China has offered to support president Netumbo Nandi-Ndaitwah’s N$86-billion Swapo manifesto projects and to share its ‘modernisation’ experiences with Namibia.
Speaking to the media this week, Chinese ambassador Zhao Weiping said Namibia can greatly benefit from how his country became modern and significantly reduced poverty.
China achieved that feat in less than 30 years, growing its economy by about 10% annually between 1978 and 2005.
It will be wonderful, indeed, if Namibia can muster lessons from a country that was among the poorest when Deng Xiaoping succeeded China’s supreme communist icon Mao Zedong and implemented free market reforms.
While the appeal is understandable, we must recognise that China’s impressive trajectory relied on unique factors; its huge population and its ability to provide cheap labour with a machine-like work ethic is near impossible to match and use to attract Western investments.

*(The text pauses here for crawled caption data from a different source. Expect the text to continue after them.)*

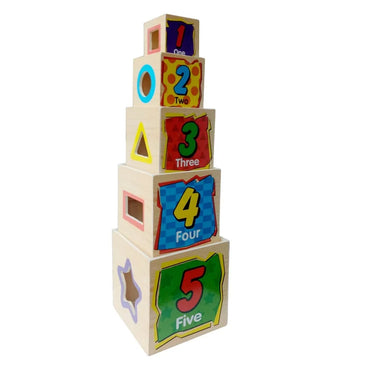 Wooden Number and Letter Learning Blocks - A Fun Path to Early Education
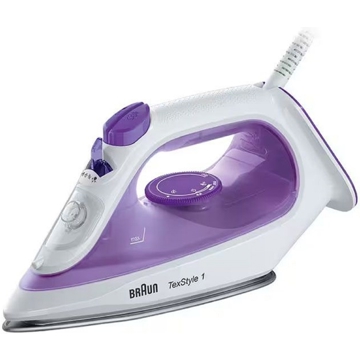 ორთქლის უთო Braun SI1080VI SI, 2000W, 220ML, Steam Iron, White/Purple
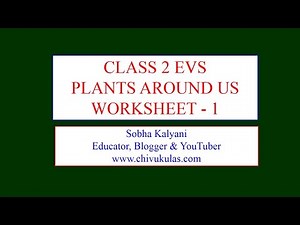 Class 2 EVS Lesson Plants Around Us Worksheet || Plants Around Us Worksheet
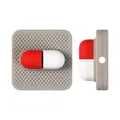 3D Red and white capsule silicone bead accessory for DIY jewelry and shoes - Capsule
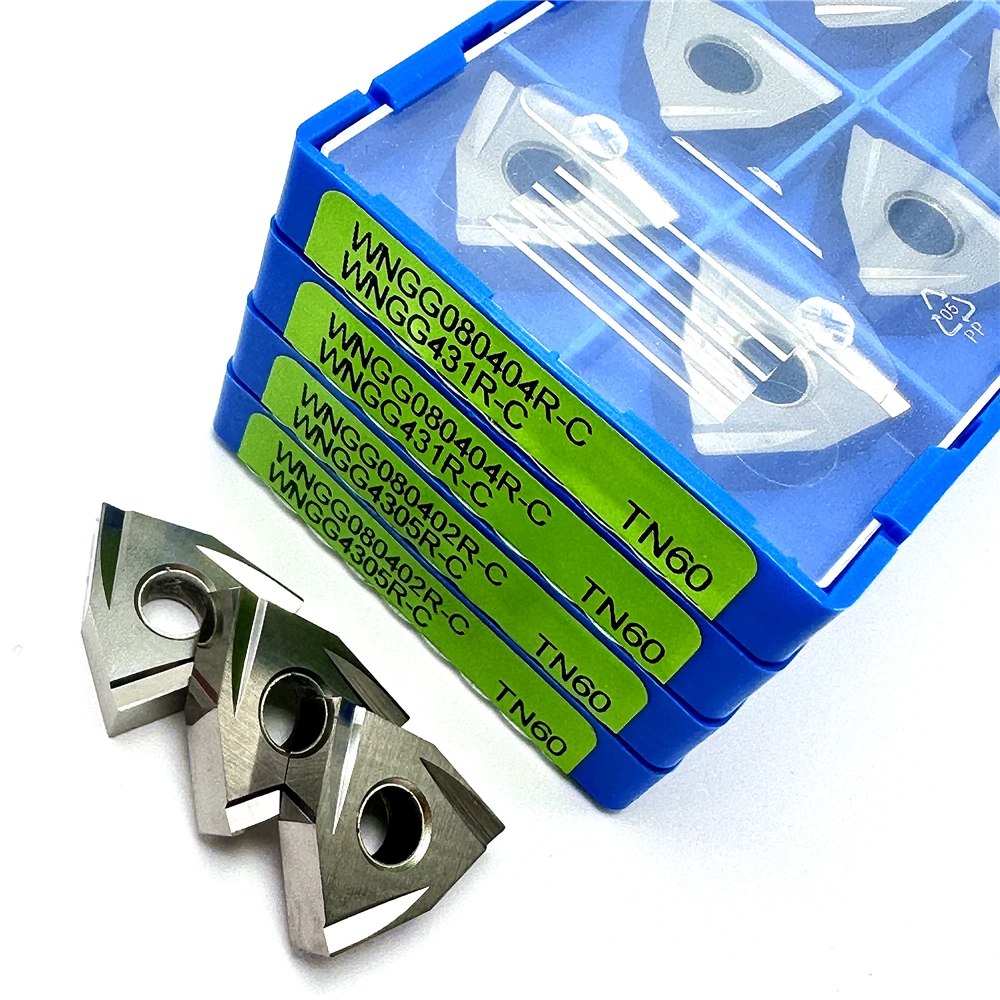 

WNGG080402 WNGG080404R-C/R-S TN60 Metal Ceramic Turning Tool Steel processing CNC high-quality External Turning Cutting tool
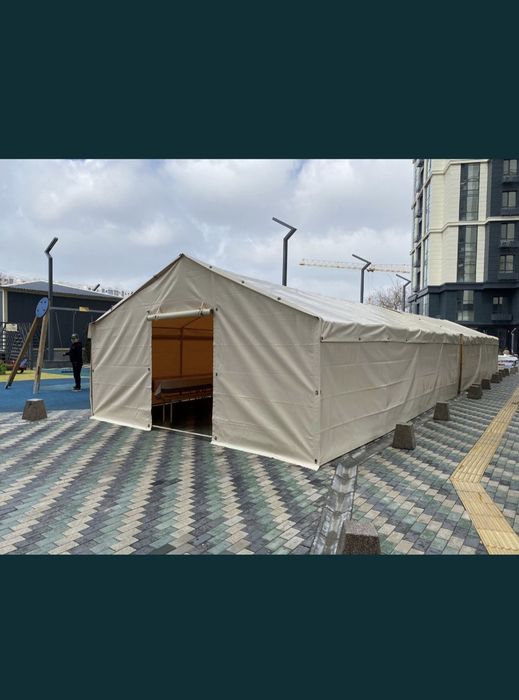 Аренда палатки на 60-100 человек в комплекте с посудой,  казан ошақ, г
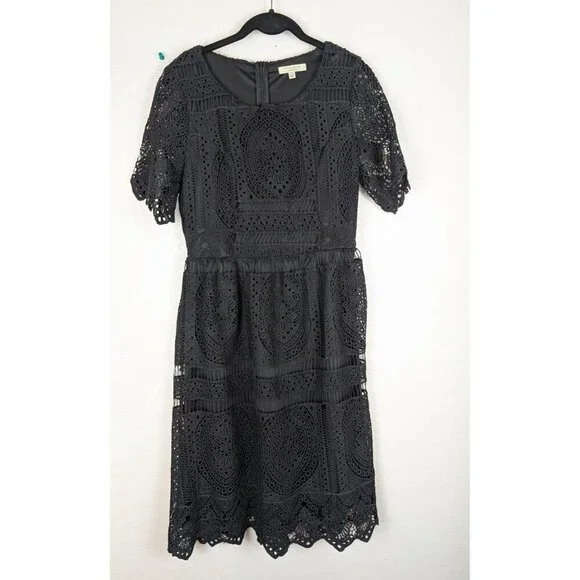 self portrait white cord lace midi dress Cream Cord Lace Midi Dress – Club21.com main image 0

But Namibia can appreciate that China has greatly opened up to capitalist forces and assistance from institutions like the International Monetary Fund and the World Bank.
For the most part, Swapo has taken an anti-free market stance, even making it difficult for local businesses to thrive while pumping scarce public funds into badly run government companies operating in industries adequately served by free enterprise.
It begs the question: Exactly what lessons and material support will Namibia draw from China?
Besides, the past 20 years have provided glimpses that Chinese support (supposedly with no strings attached) is often reminiscent of colonial and neocolonial imbalances in Africa.
When ambassador Zhao pledges to help Namibia fund Swapo’s manifesto projects, some cautionary tales should be noted.
Our Zambian neighbours are caught in a debt trap with China, less than 20 years after they were helped to loosen a similar grip from Western nations and institutions.
Angola accepted loans of more than US$45 billion (about N$810 billion) between 2000 and 2022, mainly for infrastructure development, repaying the debt with oil revenue.
If the refugees fleeing poverty and Angolan children roaming Namibia’s streets are anything to go by, then president Netumbo Nandi-Ndaitwah and her team should consider themselves warned.
What may seem like easy money to deliver on election promises could become an albatross around the neck for Namibia’s future generations.
Let’s consider Sri Lanka’s regret over accepting Chinese loans they are unable to repay before we accept credit from Beijing.
China is accused of using opaque and predatory loans to saddle countries with unsustainable debt, thereby undermining their sovereignty and seizing control of critical infrastructure, such as ports.
Even Angola has a tale to tell – about sport stadiums they built to host major international tournaments: They have fallen into disuse to the point of becoming a haven for livestock grazing.
It might be important to take stock: What has Namibia given to China and what have we received?
The construction industry is a glaring example of what happens when our purported benefactors fail to impart skills to Namibians. If Namibia hopes to benefit from partnerships with economic giants like China, it must do so with its eyes wide open.